AKÇAM, DURSUN, (1930 Ardahan - 19 Eylül 2003 Ankara), yazar. Cılavuz Köy Enstitüsü’nü (1950) ve Ankara Gazi Eğitim Enstitüsü Edebiyat Bölümü’nü bitirdi (1956). Bir süre Türkçe öğretmenliği yaptı (1957-1969). Millî Eğitim Bakanlığı’nca İngiltere’ye gönderildi (1965). Türkiye Öğretmenler Sendikası’nın (TÖS) ikinci başkanlığını yaptı ve sendika kapatılınca öğretmenlikten uzaklaştırıldı (1971). 1976’da gazeteciliğe başladı. Cumhuriyet, Milliyet, Akşam, Vatan gazetelerinde yazılar yazdı. Demokrat gazetesinin kurucuları ve yöneticileri arasında yer aldı. 1980 sonrası Almanya’ya yerleşti. 1991’de Türkiye’ye döndü. Eserlerinde doğup büyüdüğü yerlerin sorunlarını konu edindi. Analar ve Çocuklar adlı röportajıyla Karacan Armağanı yarışmasında birinciliği (1963), Haley adlı öyküsüyle 12. Antalya Altın Portakal Film Festivali Sanat Ödülü’nü (1975), Kanlı Derenin Kurtları’yla TDK Roman Ödülü’nü (1976) kazandı. Başlıca eserleri: Hikâye: Maral (1964), Ölü Ekmeği (1969), Taş Çorbası (1970), Köyden İndim Şehire (1973), Kafkas Kızı (1978). Sevdam Ürktü (1992) Anılar-köy notları-röportaj: Analar ve Çocuklar (1964), Doğunun Çilesi (1966), Kan Çiçekleri (1977), Altta Kalanlar (1979) Alman Ocağı (1982). Ucu Ucuna Yaşam (Anılar, 2002).
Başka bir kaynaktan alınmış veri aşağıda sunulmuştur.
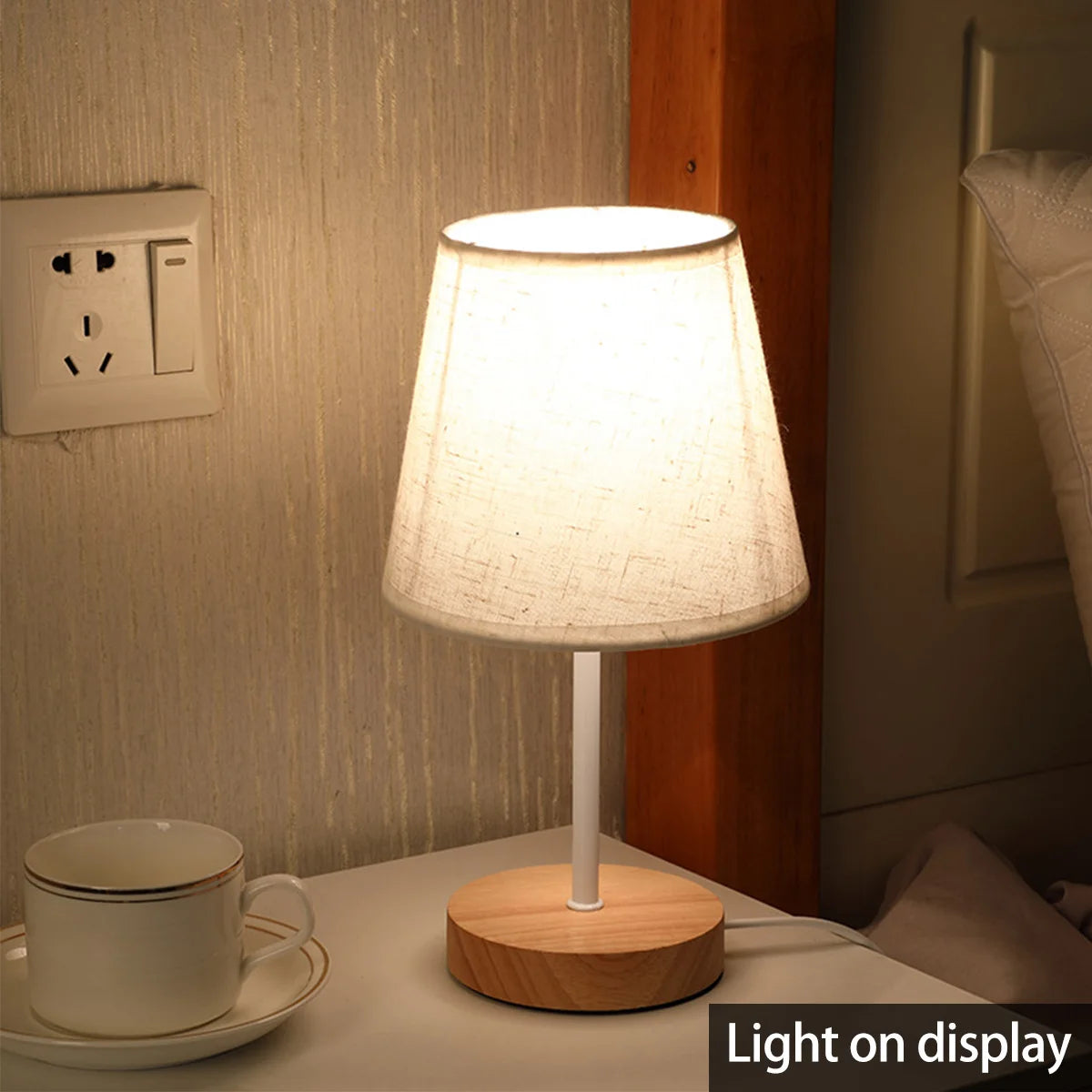 Wooden LED Table Lamp – USB Linen Shade Warm White Bedside Light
Roman: Generaller Birleşin (1990), Kafdağı’nın Ardı (2002).

DURSUN AKÇAM’IN ESERİ

 

KANLIDERE’NİN KURTLARI

Dursun Akçam’ın Türk Dil Kurumu Roman Armağanı’nı kazanan romanı (1976). Romanda, köyün ve köy insanlarının, kasaba ve kentle, kasaba ve kentin çeşitli katmanlardan insanlarıyla, kurumlarıyla ilişkisi anlatılır, toplumsal yapı eleştirel bir gözlemle aktarılır. Susuzluğun kuraklıkla birlikte daha da yoksullaştırdığı, aç bıraktığı Çeşmir Köyü’nde köyün ağası Bekir’le ilçedeki parti başkanı Feramuz ve ildeki Milletvekili Haşim Beyin işbirlikleri sonucu oluşan katmerli bir sömürü vardır. 1950’Ii yıllardır. Bu üçlü; satın aldıkları ve kullandıkları kimi kişilerin, bir eşkıya tetikçi Altındiş Kör Haydar, bir veteriner (Hüsamettin) ve gazetecinin (Bozkurt) yardımıyla din sömürüsü yaparak köylülere amansız baskı kurar, onları sömürüp ezerler. Şarbon hastalığı yayarak köylülerin hayvanlarının ölmelerine yol açarlar. İnönü döneminde köye okul açılışı, öğretmen Resul’ün öldürülüşü, daha sonraki dönemde de ağalığın ve baskının sürdüğü, çeşitli olaylar ve geri dönüşlerle anlatılır romanda. Kentte işçilik yapıp konuşmayı ve yasaları öğrenmiş olan Koca Mürsel’in oğlu Merdan’ın gelişiyle bir şeyler değişmeye başlatır. Köylüler artık yağmur duasına çıkmazlar, derenin önündeki ağanın kurduğu bendi yıktılar mıydı tarlalara su gelmeye başlayacaktır. Ağa’nın adamlarıysa köylüleri döver, jandarmaya tutuklatır. Ama köylülerin gözü açılmıştır artık.